The photographer looks at me then he looks exactly where everyone keeps looking. Obviously, he's looking straight to my bump. For a second, he looks back at me in confusion and disgust but it disappears as fast as it appeared.
"Sure you guys go there."
We placed each other where he told us. My mom and Tamara wait behind the photographer since this is the photo with my friends. Before he can snap photos the photographer opens his mouth.
"Ugh, can you hide this...?" He points towards my obvious growing bump. My friends and my mom watch back in fury and disgust.
"Hey, what's wrong with you sir?! They just want to take a picture why should he have to hide the fact he is indeed pregnant?" My mom yells.
Everyone looks back at us horrified by what they just heard.
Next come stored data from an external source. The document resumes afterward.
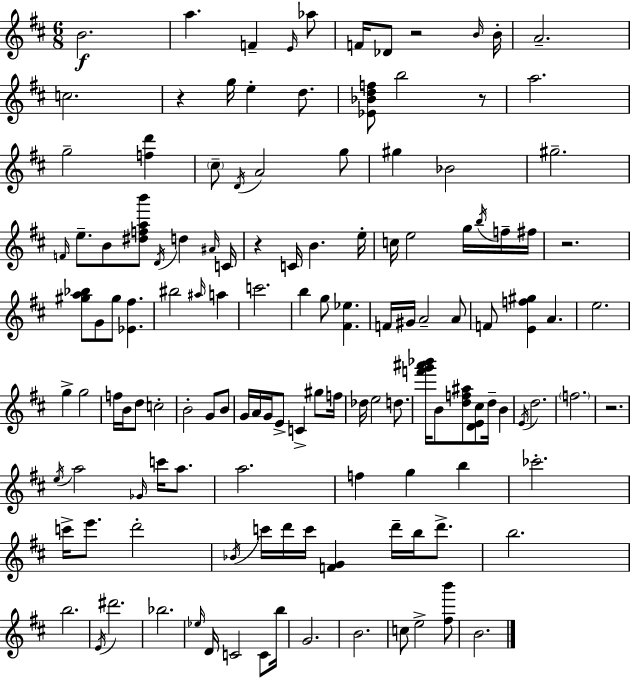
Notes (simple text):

B4/h. A5/q. F4/q E4/s Ab5/e F4/s Db4/e R/h B4/s B4/s A4/h. C5/h. R/q G5/s E5/q D5/e. [Eb4,Bb4,D5,F5]/e B5/h R/e A5/h. G5/h [F5,D6]/q C#5/e D4/s A4/h G5/e G#5/q Bb4/h G#5/h. F4/s E5/e. B4/e [D#5,F5,A5,B6]/e D4/s D5/q A#4/s C4/s R/q C4/s B4/q. E5/s C5/s E5/h G5/s B5/s F5/s F#5/s R/h. [G#5,A5,Bb5]/e G4/e G#5/e [Eb4,F#5]/q. BIS5/h A#5/s A5/q C6/h. B5/q G5/e [F#4,Eb5]/q. F4/s G#4/s A4/h A4/e F4/e [E4,F5,G#5]/q A4/q. E5/h. G5/q G5/h F5/s B4/s D5/e C5/h B4/h G4/e B4/e G4/s A4/s G4/s E4/e C4/q G#5/e F5/s Db5/s E5/h D5/e. [F6,G6,A#6,Bb6]/s B4/e [D5,F5,A#5]/e [D4,E4,C#5]/e D5/s B4/q E4/s D5/h. F5/h. R/h. E5/s A5/h Gb4/s C6/s A5/e. A5/h. F5/q G5/q B5/q CES6/h. C6/s E6/e. D6/h Bb4/s C6/s D6/s C6/s [F4,G4]/q D6/s B5/s D6/e. B5/h. B5/h. E4/s D#6/h. Bb5/h. Eb5/s D4/s C4/h C4/e B5/s G4/h. B4/h. C5/e E5/h [F#5,B6]/e B4/h.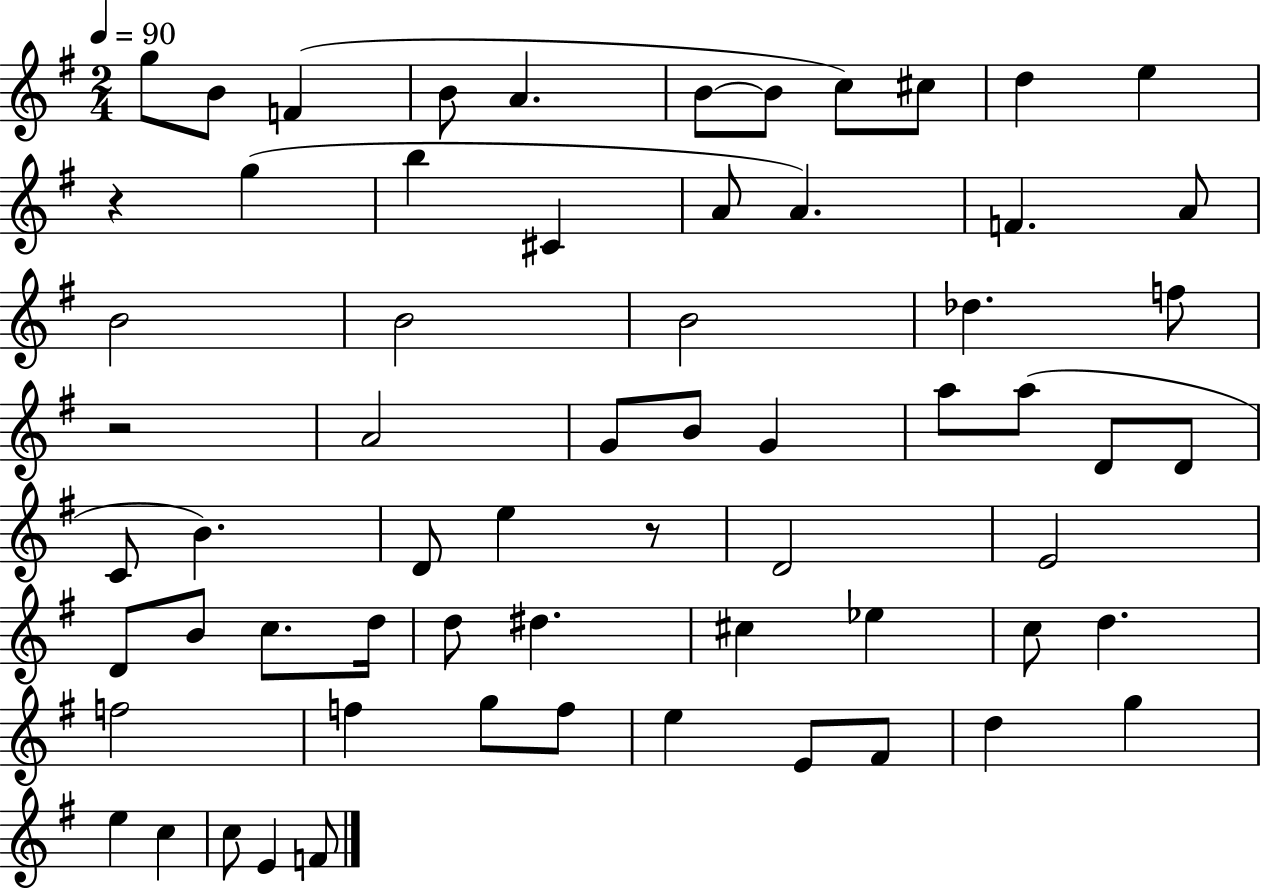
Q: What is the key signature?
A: G major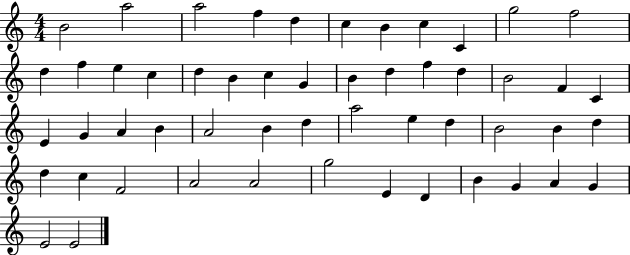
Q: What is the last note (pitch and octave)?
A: E4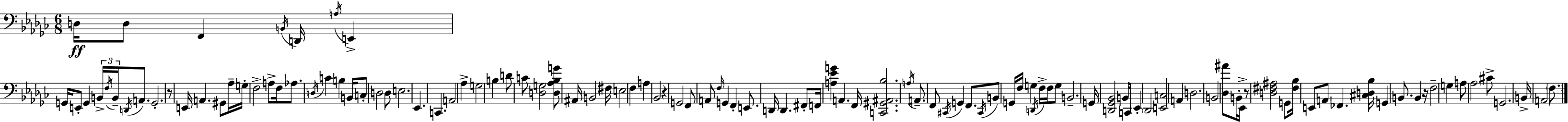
D3/s D3/e F2/q B2/s D2/s A3/s E2/q G2/s E2/e G2/q B2/s F3/s B2/s D2/s A2/e. G2/h. R/e E2/s A2/q. G#2/e Ab3/s G3/s F3/h A3/e F3/s Ab3/e. D3/s C4/q B3/q B2/s C3/e D3/h D3/e E3/h. Eb2/q. C2/q. A2/h Ab3/q G3/h B3/q D4/e C4/e [D3,G3]/h [D3,Ab3,Bb3,G4]/e A#2/s B2/h F#3/s E3/h F3/q A3/q Bb2/h R/q G2/h F2/e A2/e F3/s G2/q F2/q E2/e. D2/s D2/q. F#2/e F2/s [A3,Eb4,G4]/q A2/q. F2/s [C2,G#2,A#2,Bb3]/h. A3/s A2/e. F2/e C#2/s G2/q F2/e. C#2/s B2/e G2/s F3/s G3/q D2/s F3/s F3/s G3/e B2/h. G2/s [D2,Gb2,Bb2]/h B2/s C2/e Eb2/q Db2/h [E2,C3]/h A2/q D3/h. B2/h [Db3,A#4]/e B2/s Eb2/s R/e [D3,F#3,A#3]/h G2/e [F#3,Bb3]/s E2/e A2/e FES2/q. [C#3,D3,Bb3]/s G2/q B2/e. B2/q R/s F3/h G3/q A3/e Ab3/h C#4/e G2/h. B2/s A2/h F3/e.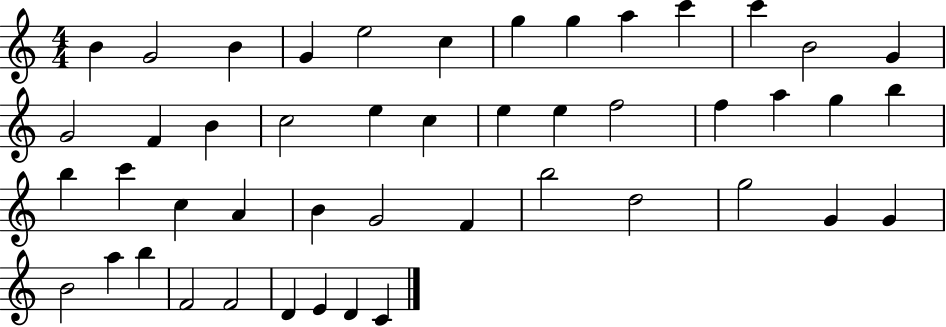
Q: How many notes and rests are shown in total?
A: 47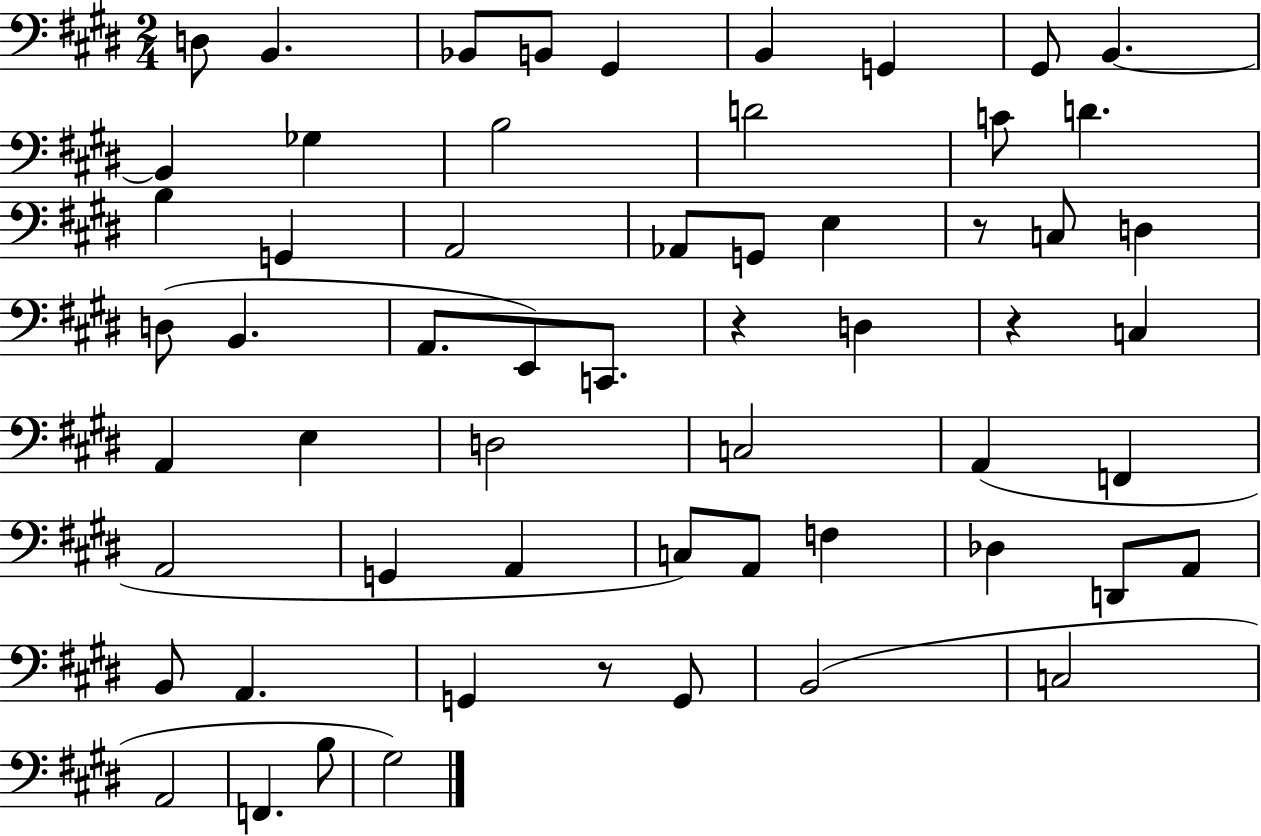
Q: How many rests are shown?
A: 4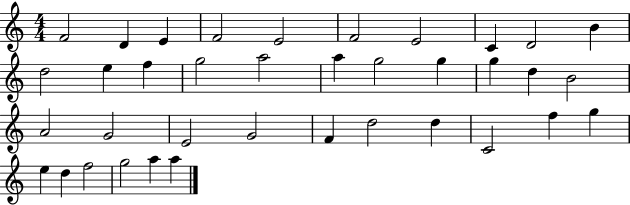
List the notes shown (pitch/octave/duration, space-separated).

F4/h D4/q E4/q F4/h E4/h F4/h E4/h C4/q D4/h B4/q D5/h E5/q F5/q G5/h A5/h A5/q G5/h G5/q G5/q D5/q B4/h A4/h G4/h E4/h G4/h F4/q D5/h D5/q C4/h F5/q G5/q E5/q D5/q F5/h G5/h A5/q A5/q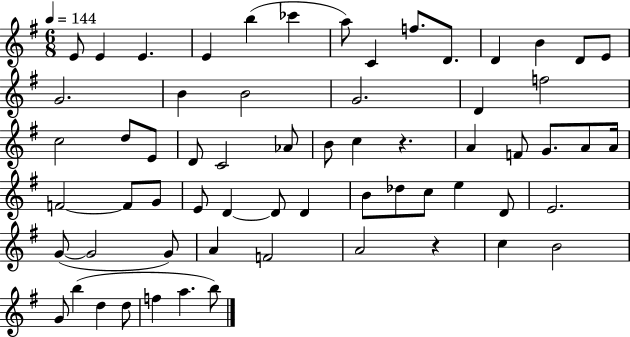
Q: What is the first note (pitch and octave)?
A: E4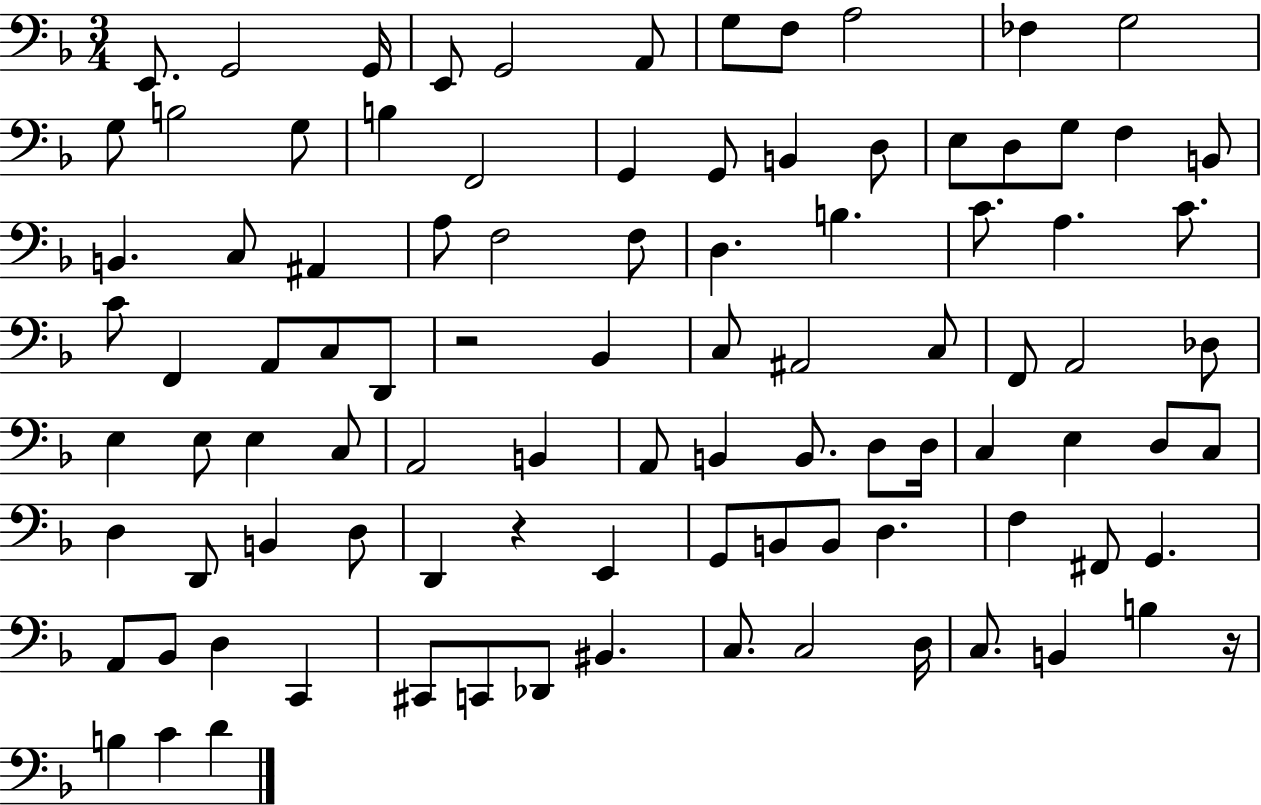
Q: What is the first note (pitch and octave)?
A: E2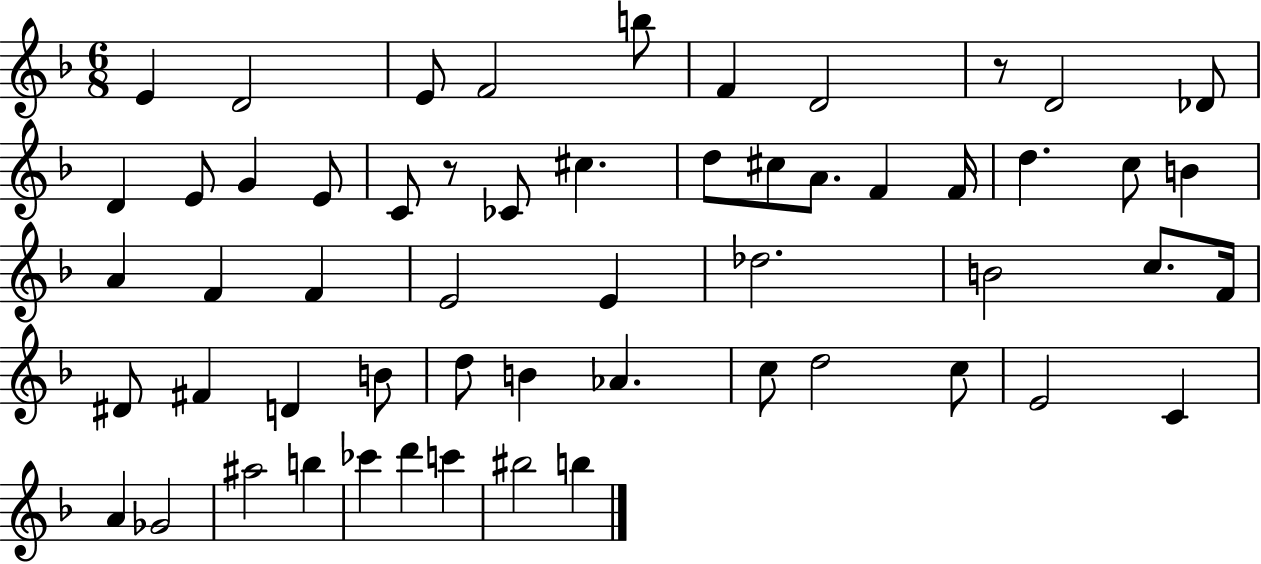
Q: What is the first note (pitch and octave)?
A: E4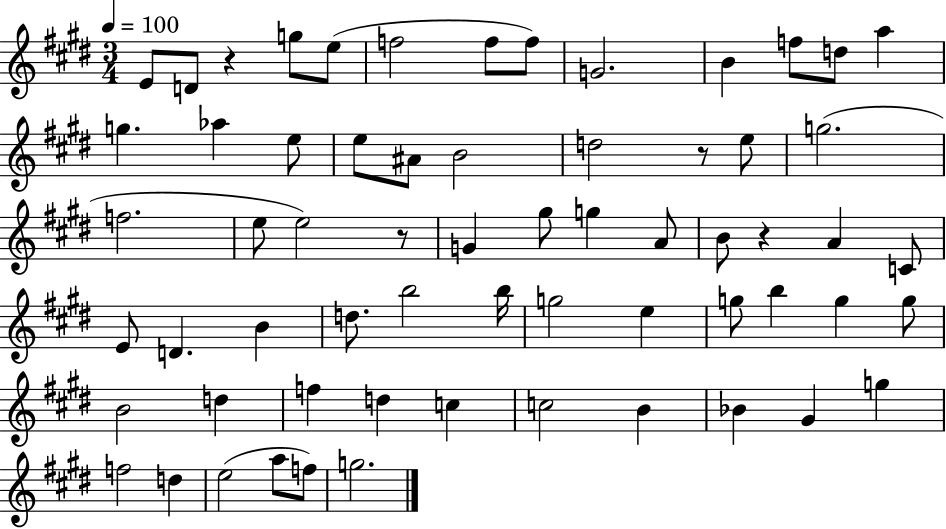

The photographer's eyes go wide open and his jaw drops. He ignores my mom and does his job of snapping pictures.
After this whole thing, everyone stopped looking at us. The photographer doesn't speak again except to tell us to put each other in certain positions so the picture would turn out better.
In the end, I took a photo with my 3 friends, one with Brooke and another one with Ben. Surprisingly Kean wanted one with me too.
Then I took one with my mom and the last one with my sister and my mom.
After that, we chatted some more. We eat the rest of the goodies that are on the table.
Regardless, I haven't actually talked about what I will do after graduation right?
Haha...well obviously my dream of becoming a teacher will have to wait because in only a few short months I'll be raising a child as a single dad.
Obviously, I can't go to college next year though I promised my mom I would go the year after. Which is totally fine by me. I really don't know what will happen in the next few months but all I know is that it's gonna be a roller coaster.